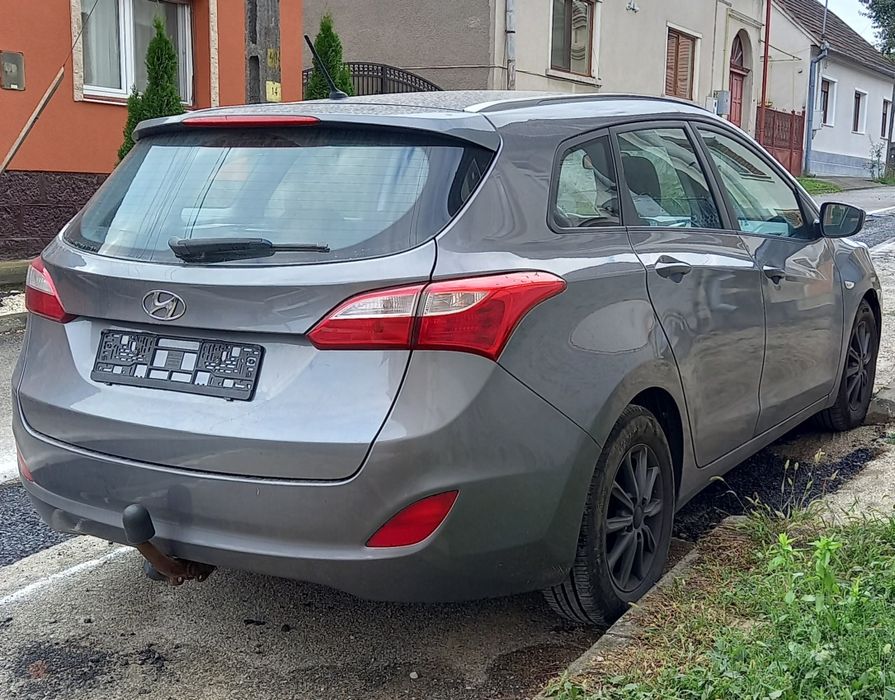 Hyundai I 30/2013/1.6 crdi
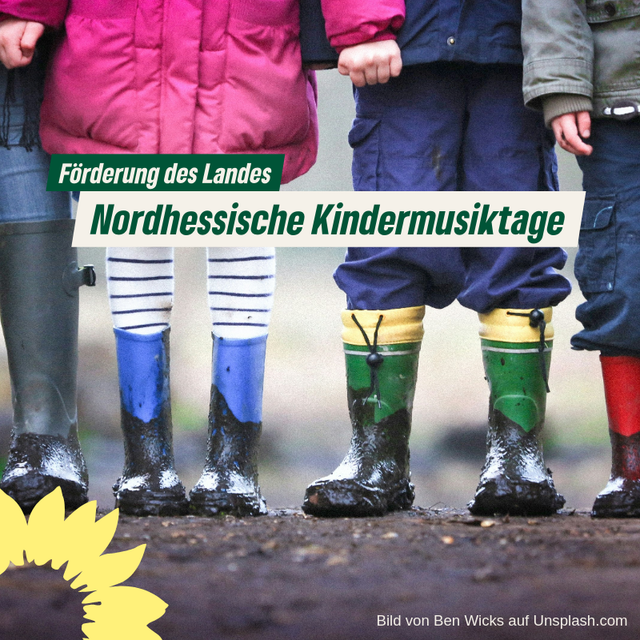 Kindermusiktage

...

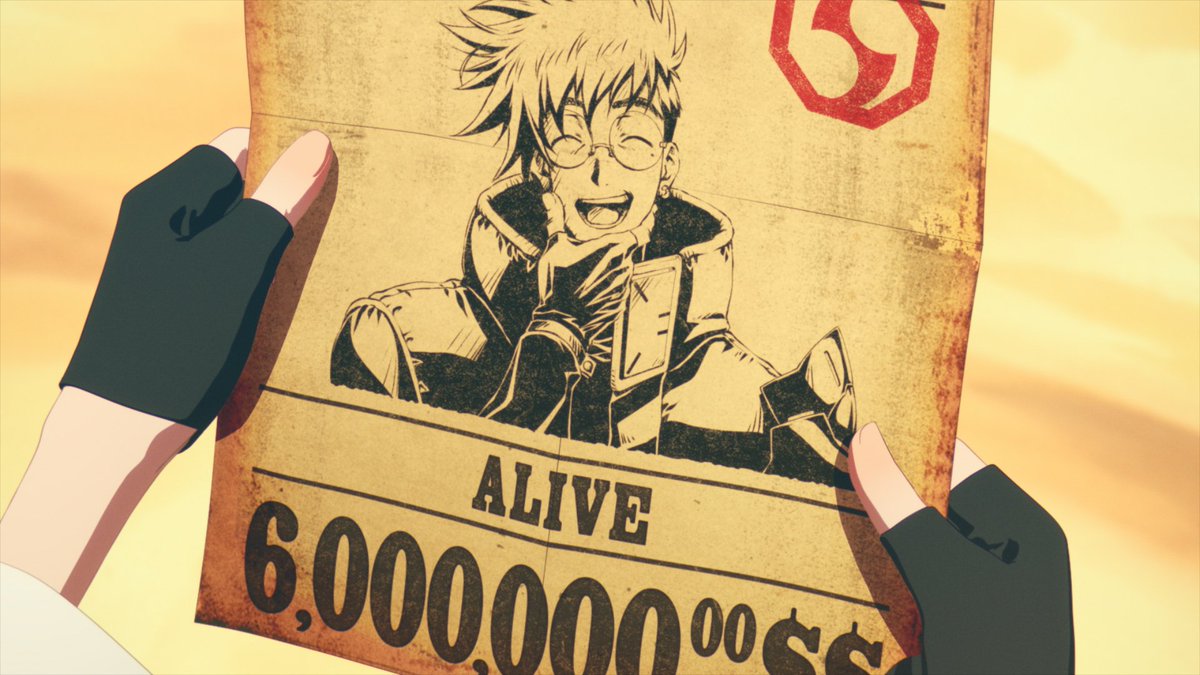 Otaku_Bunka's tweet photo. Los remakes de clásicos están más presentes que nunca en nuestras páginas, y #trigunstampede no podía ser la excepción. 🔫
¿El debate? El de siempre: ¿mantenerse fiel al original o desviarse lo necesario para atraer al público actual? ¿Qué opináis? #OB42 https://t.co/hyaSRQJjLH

==

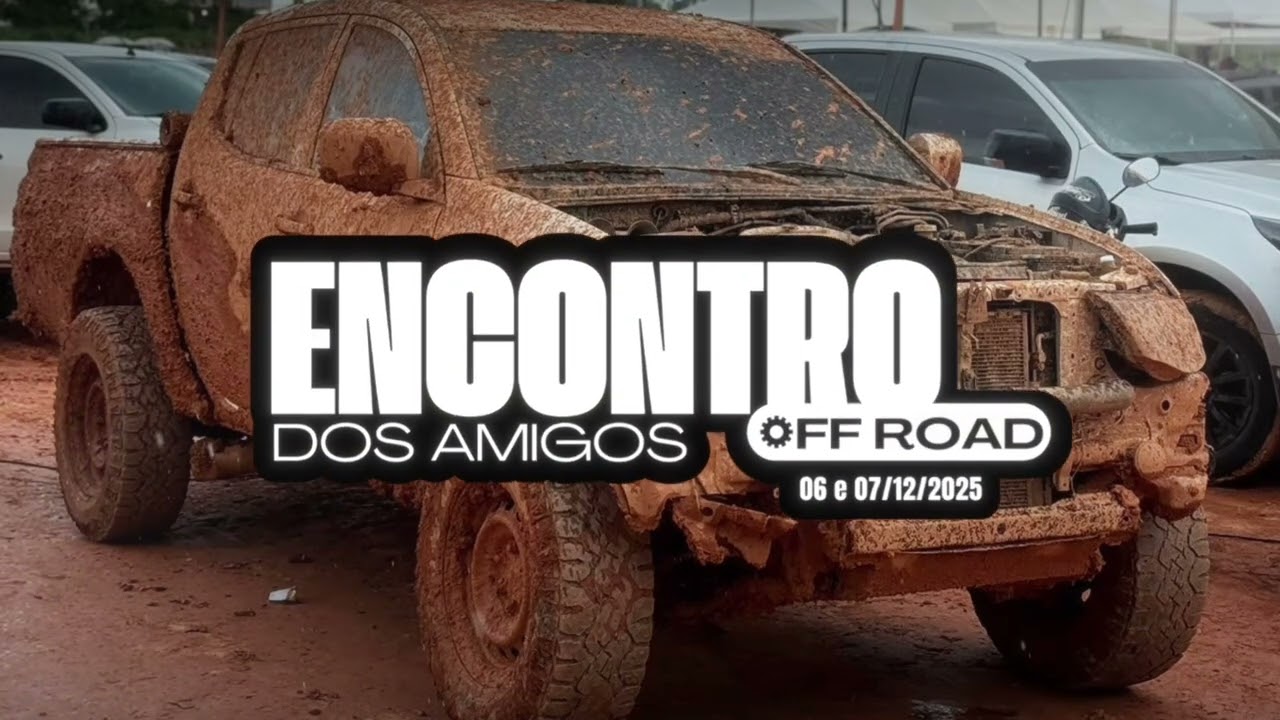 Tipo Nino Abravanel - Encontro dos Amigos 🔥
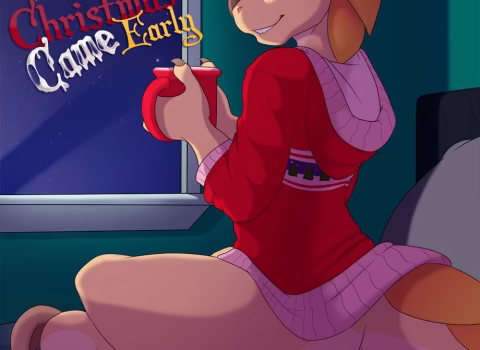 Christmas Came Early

> _What needs to be done_
Find the line with "Tipo Nino Abravanel - Encontro dos Amigos 🔥" in the data above, and from there retype each line exactly through the line with "Christmas Came Early", skipping the pictures along the way.

> _Response to the exercise_
 Tipo Nino Abravanel - Encontro dos Amigos 🔥
 Christmas Came Early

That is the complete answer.